About a year ago, I happened upon this statement about the Monitor in the Harvard Business Review – under the charming heading of “do things that don’t interest you”:

“Many things that end up” being meaningful, writes social scientist Joseph Grenny, “have come from conference workshops, articles, or online videos that began as a chore and ended with an insight. My work in Kenya, for example, was heavily influenced by a Christian Science Monitor article I had forced myself to read 10 years earlier. Sometimes, we call things ‘boring’ simply because they lie outside the box we are currently in.”

If you were to come up with a punchline to a joke about the Monitor, that would probably be it. We’re seen as being global, fair, insightful, and perhaps a bit too earnest. We’re the bran muffin of journalism.

But you know what? We change lives. And I’m going to argue that we change lives precisely because we force open that too-small box that most human beings think they live in.
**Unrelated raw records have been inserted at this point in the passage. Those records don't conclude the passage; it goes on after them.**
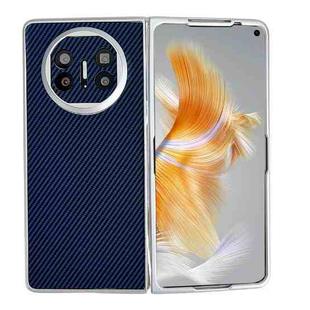 For Huawei Mate X3 / X5 Kevlar Carbon Fiber Ultra-thin Shockproof Phone Case(Dark Blue)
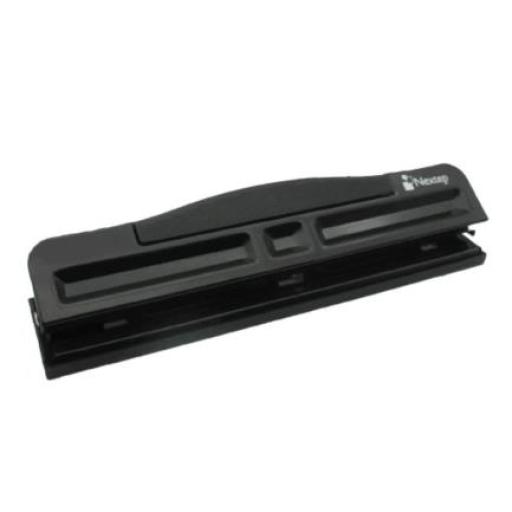 [NEXTEP_NE-123] Nextep Perforadora Nextep 3 Orificios Ajustable Soft Grip 10 Hojas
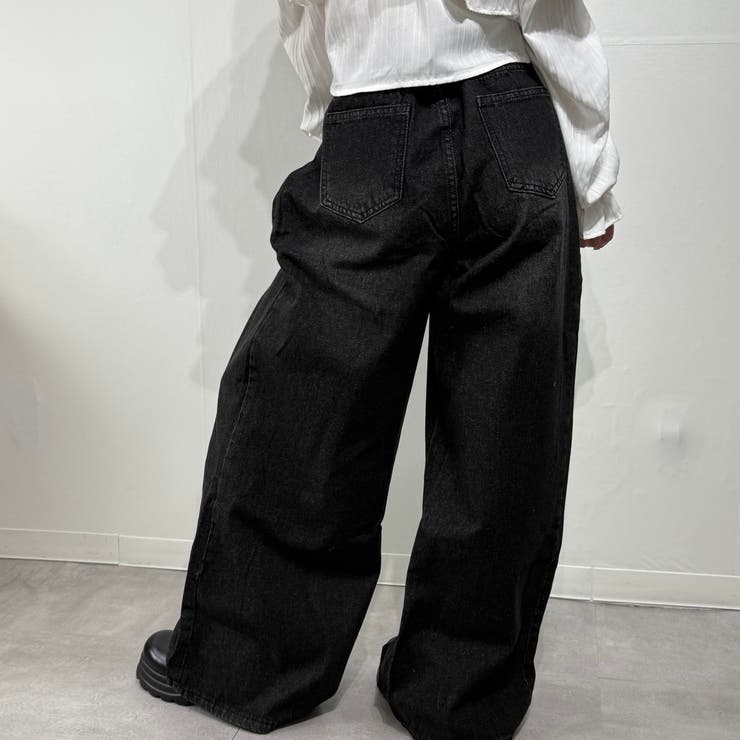 ヴィンテージルーズバギーパンツ デニム ジーンズ ワイドパンツ | marcydorn | 詳細画像12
The Monitor is a peculiar little publication that’s hard for the world to figure out. We’re run by a church, but we’re not only for church members and we’re not about converting people. We’re known as being fair even as the world becomes as polarized as at any time since the newspaper’s founding in 1908.

We have a mission beyond circulation, we want to bridge divides. We’re about kicking down the door of thought everywhere and saying, “You are bigger and more capable than you realize. And we can prove it.”